Nur mit seinen Fingern erteilte er One und Six, die noch immer bei den Leichen der Verlorenen und Söldnern standen, einen Befehl. Unauffällig begannen die Seday sich Millimeter für Millimeter zu bewegen. Jeder der beiden hatte sich zuvor eine MG genommen, die sie derzeit noch hinter ihrem Rücken verbargen. Aufgrund der schlechten Schussposition war es möglich, dass sie Zachriel verfehlten, und es war ebenfalls möglich, dass sie Thorn nicht rechtzeitig genug auszuschalten vermochten und er Cey tötete.

»Es gibt Schlimmeres, als nicht mehr zu sein!«

Das hatte Xyen so oft von der J’ajal gehört und er hatte immer gedacht, er wüsste, wovon sie sprach. Aber erst jetzt, in diesem Moment, verstand er es wirklich. Und er würde sie Zachriel, diesem sadistischen Scheusal, nicht überlassen. Selbst wenn das hieß sich von ihr verabschieden zu müssen und sich damit selbst eine namenlose Qual zuzufügen.

»Es reicht?« Zachriel lachte. »Hatten wir das nicht schon mal?« Abrupt wurde er sehr nachdenklich. »Wisst ihr, eine Sache hat Astan nie kapiert. Und zwar wie einfach es gewesen wäre, Cey gefügig zu machen, wenn er nur ihre größte Schwäche konsequenter genutzt hätte.«

»Mitgefühl ist niemals eine Schwäche!«, erklärte Lee mit fester Stimme.

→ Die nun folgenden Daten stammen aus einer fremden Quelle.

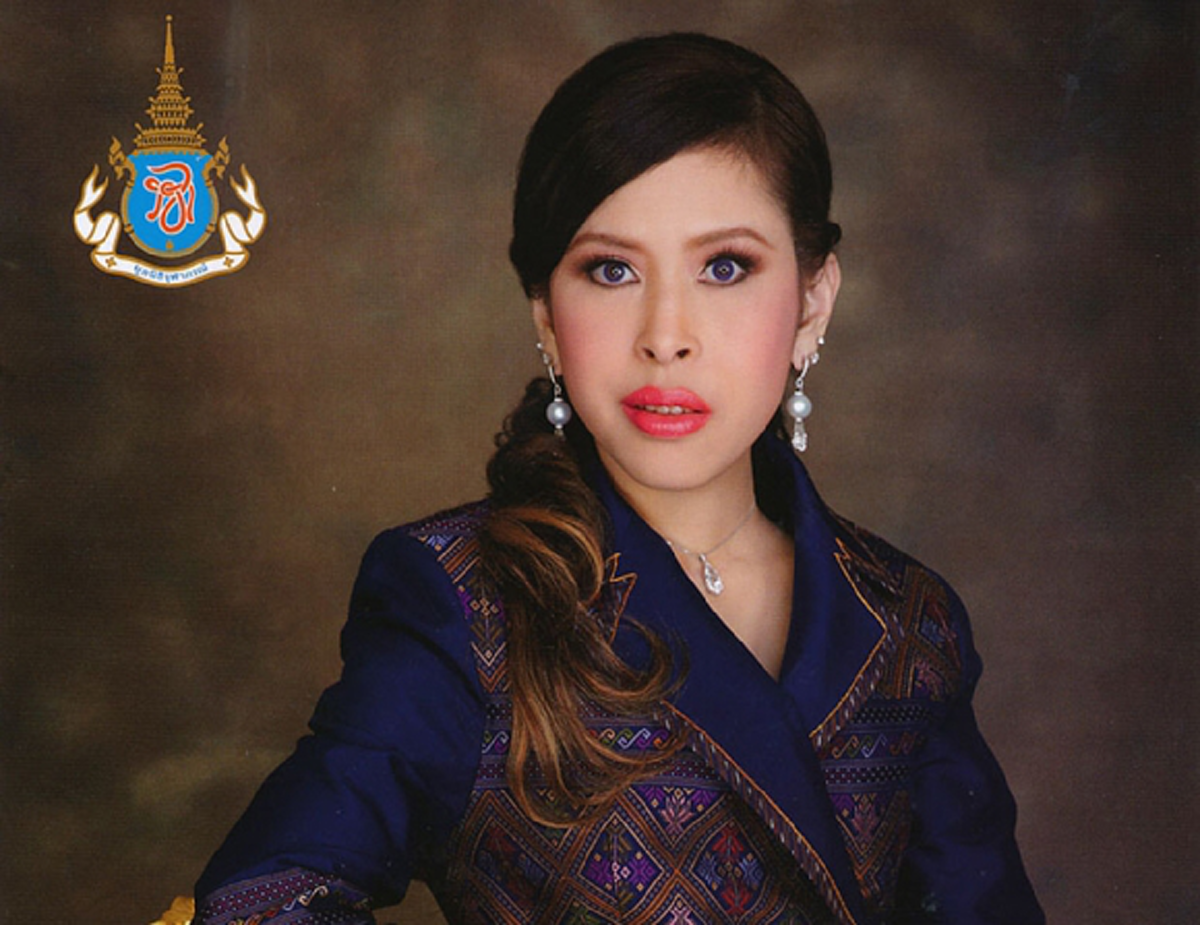 ซึ้งในพระมหากรุณาธิคุณ!!!  ฟ้าหญิงจุฬาภรณ์ฯ โปรดเกล้าฯพระราชทานหน่วยแพทย์ดูแล ปชช.บริเวณท้องสนามหลวง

»Ach, das meine ich doch gar nicht.« Ungeduldig winkte Zachriel ab. »Klar hat Cey eine Schwäche für alle möglichen bedauernswerten Kreaturen wie euch zum Beispiel. Und was dabei besonders auffällt - egal welchen schmerzhaften Strafen sie bereits ausgesetzt war, sie hat es trotzdem immer wieder getan. Sie lässt zu, dass jemand ihr etwas bedeutet. Sie liebt. Und liebt wieder. Und wieder. Anscheinend kann sie gar nicht anders. Was aber, wenn da keiner mehr wäre, den sie lieben könnte? Keine Freundin, kein Bruder, kein Lover, eben absolut niemand? Was würde das wohl aus einem Geschöpf wie ihr machen?«

Zachriels Worte riefen eine panische Furcht in Xyen hervor. Er spürte mit untrüglicher Gewissheit, dass Zachriel etwas herausgefunden hatte, was er niemals hätte herausfinden dürfen.

»Cey, ich glaube, ich habe dir noch nicht verraten, was für eine fantastische Fähigkeit dein Sohn hat! Sie ist nicht so erstaunlich, wenn man bedenkt, wie die meisten Jahre seines Lebens ausgesehen haben, und ist leider auch noch nicht voll entwickelt. Aber nachdem Thorn sich des kleinen Tesfayes angenommen hat … ach, erlebe es am besten selbst, was sie können!«

Zachriel schnippte mit den Fingern und der Junge mit regenbogenfarbenen Augen trat an seine freie Seite. Er streckte die Hand aus, um an Ceys Kapuze zu zupfen. Und womöglich wäre doch noch alles anders gekommen. Unter jeder Menge verdrehter Gefühle wie Verachtung und Feindseligkeit entdeckte Xyen nämlich auch einen winzigen Funken Sehnsucht. Kindliche, wahre und ehrliche Sehnsucht nach einer Mutter, über die Tesfaye vermutlich nur Lügen gehört hatte und die er niemals hatte kennenlernen dürfen. Doch diese Mutter drehte sich nun weg und vergrub sich noch tiefer in ihrem Cape.

Der Regenbogen in Tesfayes Augen leuchtete auf, begann sich zu drehen, schneller und immer schneller. Und noch bevor er stoppte, fühlte Xyen, wie sie angekrochen kam. Sie, die sich an Cey hängte und sie Stück für Stück auseinandernahm. Die etwas vollbrachte, was kein Leid und keine Qualen je geschafft hätten. Sie … die Einsamkeit.